_EXERCISE PROMPT:_ Could you transcribe exactly the lines from the one containing "Vista lateral do" through the last line of the records below, leaving out the pictures?

_RECORDED INFORMATION:_
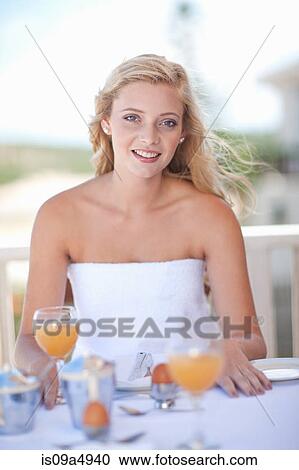 Stock Image - Woman having breakfast outdoors. Fotosearch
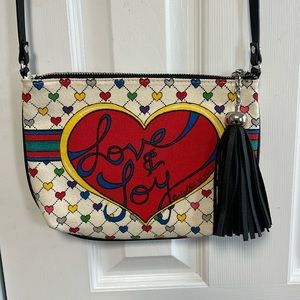 Brighton Tom Clancy Love & Joy Canvas Crossbody Bag with tassel.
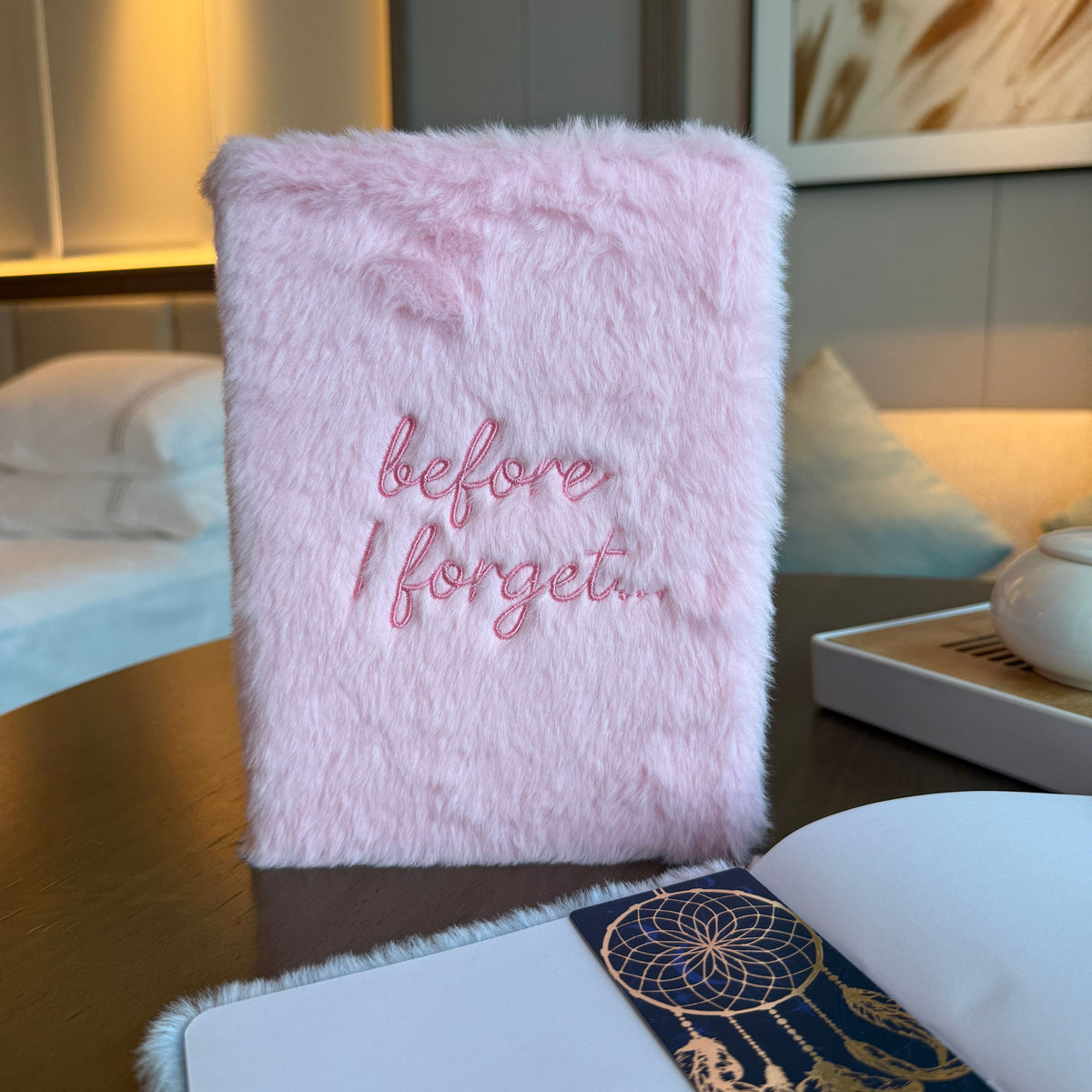 Pastel pink soft dream journal with embroidered Before I Forget wording on the cover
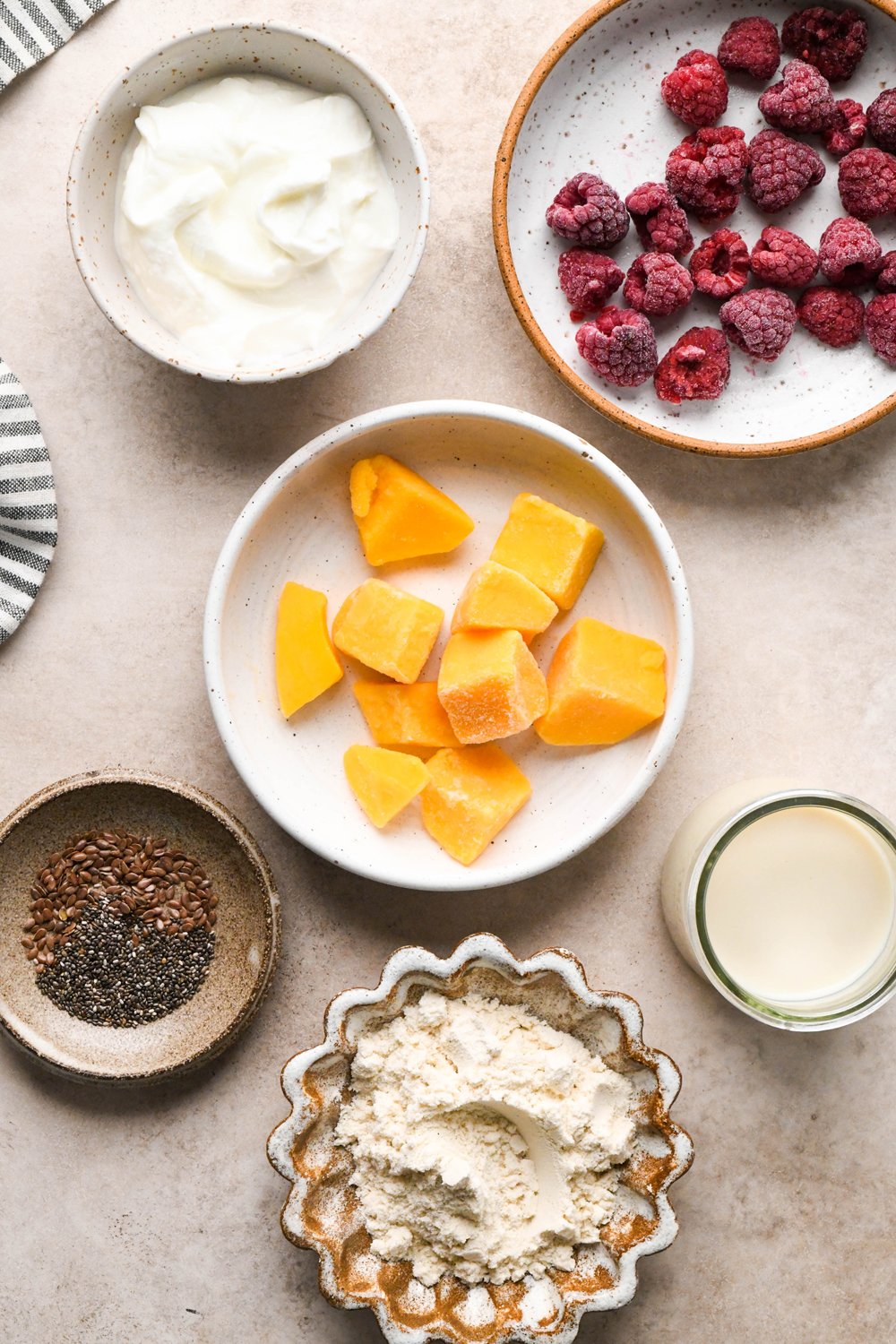 Ingredients for Raspberry Mango Smoothie with Greek Yogurt in various ceramics on a light brown creamy background.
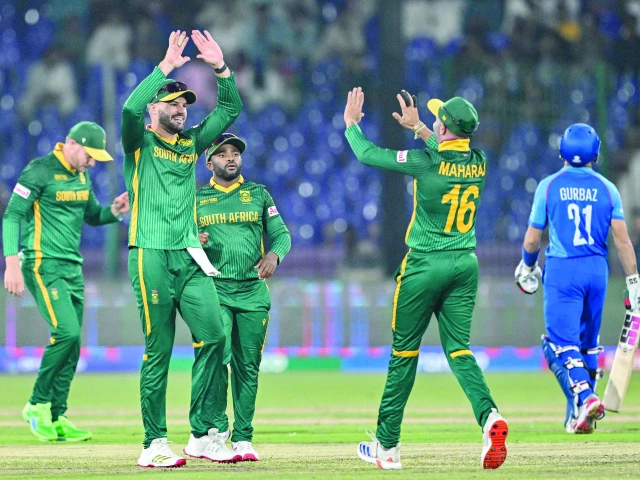 south africa s players celebrate the dismissal of afghanistan s rahmanullah gurbaz r during the icc champions trophy match at the national stadium in karachi on friday photo afp south africa s players celebrate the dismissal of afghanistan s rahmanullah gurbaz r during the icc champions trophy match at the national stadium in karachi on friday photo afp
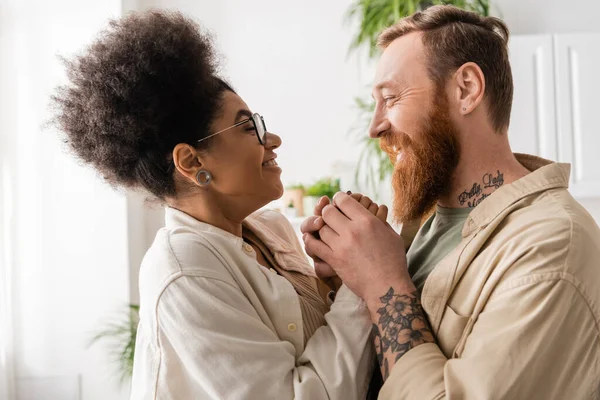 Vista lateral do homem tatuado segurando a mão de uma namorada afro-americana muito feliz em casa — Fotografia de Stock
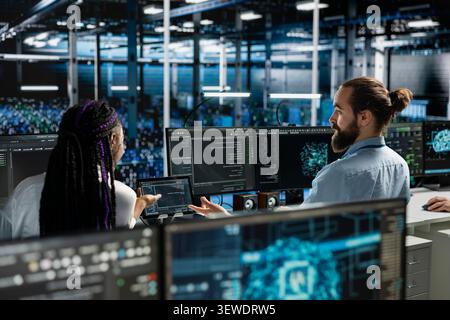 Man works with a computer workstation in a server room to support artificial intelligence systems. Stock Photo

_EXERCISE OUTPUT:_
 Vista lateral do homem tatuado segurando a mão de uma namorada afro-americana muito feliz em casa — Fotografia de Stock
 Man works with a computer workstation in a server room to support artificial intelligence systems. Stock Photo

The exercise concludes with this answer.